The connection to the stagnant hashrate data is direct and confirming. Miners are not expanding. They are not holding. They are selling — not because the market is giving them a reason to, but because the alternative is shutting down.

This Is Not Capitulation. It Is Something More Dangerous

The report’s conclusion reframes what is happening in the mining industry in a way that changes how the current Bitcoin market should be read. The word capitulation implies a single event — a moment of peak pain where the last forced sellers exit simultaneously, clearing the market and establishing a floor. What the Miner Selling Power data describes is not that. It is a continuous, sustained, survival-driven unloading that has no defined endpoint because its trigger is not sentiment — it is the ongoing gap between operating costs and revenue.

Bitcoin Miner Selling Power | Source: CryptoQuant
Bitcoin Miner Selling Power | Source: CryptoQuant

Miners facing a harsh profitability winter do not sell because they have lost conviction in Bitcoin. They sell because electricity bills, hardware maintenance, and facility costs arrive on a schedule that the Bitcoin price does not respect. Every week that production costs exceed mining revenue is another week of forced selling — regardless of where price stands, regardless of what the chart suggests, regardless of what the broader market is doing.

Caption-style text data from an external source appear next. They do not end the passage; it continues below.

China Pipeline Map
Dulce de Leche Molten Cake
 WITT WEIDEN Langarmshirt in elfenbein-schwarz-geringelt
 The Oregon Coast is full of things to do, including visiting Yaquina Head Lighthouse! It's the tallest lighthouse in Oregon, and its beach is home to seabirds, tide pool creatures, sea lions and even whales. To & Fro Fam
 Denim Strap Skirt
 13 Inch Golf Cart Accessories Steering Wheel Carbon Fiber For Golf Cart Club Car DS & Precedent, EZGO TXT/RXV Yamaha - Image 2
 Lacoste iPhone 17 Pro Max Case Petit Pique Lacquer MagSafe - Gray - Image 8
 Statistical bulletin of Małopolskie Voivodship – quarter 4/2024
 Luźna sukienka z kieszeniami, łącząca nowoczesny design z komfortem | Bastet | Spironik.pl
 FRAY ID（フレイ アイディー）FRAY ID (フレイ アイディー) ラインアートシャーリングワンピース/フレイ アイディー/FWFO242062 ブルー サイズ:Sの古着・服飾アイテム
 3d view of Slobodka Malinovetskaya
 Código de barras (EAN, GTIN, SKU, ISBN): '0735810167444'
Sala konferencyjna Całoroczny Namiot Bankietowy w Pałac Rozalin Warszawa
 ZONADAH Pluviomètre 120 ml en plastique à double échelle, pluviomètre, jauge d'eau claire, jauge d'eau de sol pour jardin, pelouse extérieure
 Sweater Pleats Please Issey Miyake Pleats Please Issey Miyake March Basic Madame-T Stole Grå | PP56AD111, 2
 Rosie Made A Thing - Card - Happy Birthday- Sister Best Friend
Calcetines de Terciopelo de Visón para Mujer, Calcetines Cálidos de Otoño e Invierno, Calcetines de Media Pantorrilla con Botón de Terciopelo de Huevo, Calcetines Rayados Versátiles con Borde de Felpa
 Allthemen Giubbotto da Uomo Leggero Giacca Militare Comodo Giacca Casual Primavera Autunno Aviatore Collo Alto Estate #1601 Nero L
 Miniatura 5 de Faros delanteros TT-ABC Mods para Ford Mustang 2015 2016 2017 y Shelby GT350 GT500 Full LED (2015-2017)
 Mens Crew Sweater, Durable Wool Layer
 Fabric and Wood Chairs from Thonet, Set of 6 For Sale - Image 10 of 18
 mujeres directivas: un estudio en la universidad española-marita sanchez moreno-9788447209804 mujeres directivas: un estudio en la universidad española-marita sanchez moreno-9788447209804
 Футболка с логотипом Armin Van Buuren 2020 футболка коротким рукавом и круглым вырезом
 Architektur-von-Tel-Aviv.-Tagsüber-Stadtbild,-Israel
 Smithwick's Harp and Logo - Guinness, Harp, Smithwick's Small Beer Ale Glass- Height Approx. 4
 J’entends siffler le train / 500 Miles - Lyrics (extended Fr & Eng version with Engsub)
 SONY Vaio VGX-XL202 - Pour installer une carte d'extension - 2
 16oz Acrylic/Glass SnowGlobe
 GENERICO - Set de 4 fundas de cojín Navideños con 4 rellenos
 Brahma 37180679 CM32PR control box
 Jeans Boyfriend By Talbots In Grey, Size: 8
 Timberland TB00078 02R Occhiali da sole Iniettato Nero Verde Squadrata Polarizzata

That persistence is what makes the current overhead so structurally significant. It is not a wall of supply waiting for the right price to clear. It is a drip of forced selling that the market must absorb continuously before any sustained upside can develop.

The analyst’s forward position is stated without ambiguity: upside potential remains limited until these survival-driven sell-offs are fully absorbed. Until that absorption is confirmed in the data, the conservative perspective is not caution — it is the only analytically defensible posture available.

Bitcoin Stalls Below Resistance as Downtrend Persists

Bitcoin is trading near $66,800, continuing to consolidate after the sharp February breakdown that disrupted its prior bullish structure. The chart shows a clear shift in trend, with price moving from a series of higher highs into a pattern of lower highs and lower lows, confirming sustained bearish pressure.

BTC consolidates in a range | Source: BTCUSDT chart on TradingView
BTC consolidates in a range | Source: BTCUSDT chart on TradingView

Following the capitulation event — marked by a significant spike in volume — BTC entered a range between approximately $62,000 and $72,000. Since then, price action has remained contained within this zone, but with a noticeable bias toward the lower end, suggesting weakening demand.

The 50-day and 100-day moving averages are both trending downward above price, acting as dynamic resistance and limiting any recovery attempts. The 200-day moving average remains far above current levels, reinforcing the broader structural shift from expansion to correction.

Recent rallies toward the $70,000–$72,000 region have consistently failed, producing lower highs and indicating that sellers are still active on strength. Volume has declined during consolidation, pointing to reduced participation and a lack of strong conviction from buyers.

Unless Bitcoin can reclaim key moving averages and break above range resistance with strength, the current structure favors continued consolidation or a potential move lower toward support.